Gilmore, in yellow, started to follow McCaffrey.
Gilmore then stopped and started motioning for someone, though it’s unclear who, to cover McCaffrey.
Right before the snap, McCourty and Gilmore both booked it to the other side of the field. Van Noy also shifted his focus away from Whittaker and on to McCaffrey.
As the ball was snapped, Gilmore, McCourty, Van Noy and linebacker Elandon Roberts, in green, all tracked McCaffrey, leaving Whittaker, in orange, and Dickson, in pink, wide open. Newton hit Whittaker for a 28-yard catch-and-run touchdown.

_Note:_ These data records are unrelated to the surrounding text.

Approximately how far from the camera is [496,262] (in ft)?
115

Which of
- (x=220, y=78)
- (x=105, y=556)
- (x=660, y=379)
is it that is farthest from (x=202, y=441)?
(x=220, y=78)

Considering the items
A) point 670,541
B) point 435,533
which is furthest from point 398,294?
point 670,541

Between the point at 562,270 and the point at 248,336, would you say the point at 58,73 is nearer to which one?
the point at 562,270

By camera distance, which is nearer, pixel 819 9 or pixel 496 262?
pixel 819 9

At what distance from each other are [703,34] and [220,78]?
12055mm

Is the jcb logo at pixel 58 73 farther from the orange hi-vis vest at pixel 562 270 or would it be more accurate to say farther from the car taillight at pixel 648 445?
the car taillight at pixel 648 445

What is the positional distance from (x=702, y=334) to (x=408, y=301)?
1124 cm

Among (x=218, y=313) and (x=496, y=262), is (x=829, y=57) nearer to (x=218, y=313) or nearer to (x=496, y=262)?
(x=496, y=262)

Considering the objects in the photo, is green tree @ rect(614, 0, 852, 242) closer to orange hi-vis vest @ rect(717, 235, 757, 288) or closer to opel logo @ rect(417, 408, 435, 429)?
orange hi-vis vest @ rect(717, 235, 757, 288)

It’s difficult to assign direct blame on this play. Ideally, Gilmore immediately would track McCaffrey back across the field, McCourty wouldn’t have to slide over and Van Noy would keep his attention on Whittaker. It’s unclear what Roberts’ assignment on the play was.
If either McCourty or Gilmore manned their post on the defensive right side of the field, Whittaker doesn’t score a touchdown. Whittaker also likely wouldn’t have scored if Roberts or Van Noy had kept track of him.

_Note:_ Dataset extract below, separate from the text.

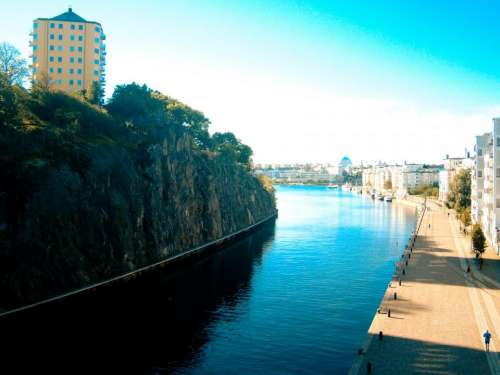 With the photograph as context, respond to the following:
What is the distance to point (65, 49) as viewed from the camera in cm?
9006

The Patriots did none of that, instead focusing four players on McCaffrey and none on two wide open targets. Touchdown.
SECOND QUARTER, 1:14, THIRD-AND-9
The play started off with Malcolm Butler covering Damiere Byrd, in aqua, Rowe on Kelvin Benjamin, in red, Gilmore on Devin Funchess, in yellow, and McCourty on McCaffrey, in white.
Here were all of the moving parts when the ball was snapped.

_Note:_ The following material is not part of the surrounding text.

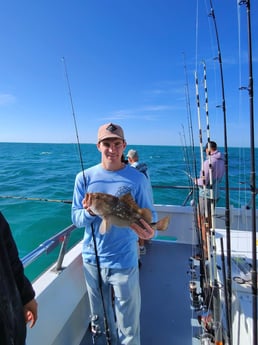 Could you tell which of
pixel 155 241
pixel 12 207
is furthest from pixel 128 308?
pixel 12 207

McCourty, in white, continued covering McCaffrey, while Butler, aqua, shifted over to Funchess, who became the inner-most receiver. Rowe, in red, moved over to Byrd, who ran another crossing route. Gilmore, yellow, the outside cornerback, also continued to run across the field, though it’s unclear if he thought he was covering Funchess or Byrd. Benjamin, in red, cut outside.
Gilmore continued running next to Rowe, while Benjamin broke outside. Duron Harmon, the free safety, saw Benjamin wide open and started breaking towards him.
Here’s how open Benjamin was when he made the 43-yard grab. He was stopped by Harmon before getting to the end zone, but his reception set up the next play the list.
Since Butler and Rowe switched targets based on their routes, it appears Gilmore should have shifted his focus to the receiver running an outside route.
SECOND QUARTER, :31, SECOND-AND-6
Here’s who we have on this play: Gilmore in yellow, McCourty in white, Rowe in red and Butler in aqua.
Funchess started going in motion, so Rowe followed him across the field, indicating man coverage.
As Funchess came across the field, Gilmore, in yellow, tapped on his helmet, appearing to communicate that he would take Funchess.
Gilmore lined up across from Funchess while McCourty was across from Byrd. McCourty appeared to motion to Rowe to cover the tight end, Dickson. While Rowe and McCourty were talking, Gilmore appeared to point to Dickson. Neither Rowe nor McCourty saw this.
So, what happened when the ball was snapped? Gilmore and Rowe both covered Dickson and McCourty took on Byrd. That left Funchess sprinting down the field uncovered.
Rowe adjusted too late, and Funchess scored on a 10-yard reception.
The defense then got a tongue-lashing from defensive coordinator Matt Patricia.
Once again, it’s unclear why Gilmore didn’t continue to cover Funchess. Even if the defensive backs were supposed to adjust based on routes, then Gilmore, the outside cornerback, still should cover Funchess, who ran a deep out.
This was the Panthers’ final offensive play before the half. Gilmore was benched after the half for the one play in which Rowe reinjured his groin.
Here are other notes from our film review:
— The final uncovered play appeared to come in zone coverage, though it’s difficult to tell based on the TV tape. Jonathan Jones, Patrick Chung and Butler all were in the area on a 39-yard catch by Benjamin.
— Rowe had tackling issues before going down with the injury. He allowed first downs on two missed tackles.
— Gilmore also extended drives with two costly illegal use of hands penalties.
— Running back Mike Gillislee ran with more power than we saw in the first three weeks of the season and had probably his best game as a Patriot.
— Marquis Flowers filled in for Elandon Roberts after the linebacker left the game with an ankle injury. Flowers looked more comfortable in coverage than as a run defender.
— Linebacker Dont’a Hightower took on a reduced role as he returned from a knee injury. That probably was smart, since Hightower also didn’t play any preseason games.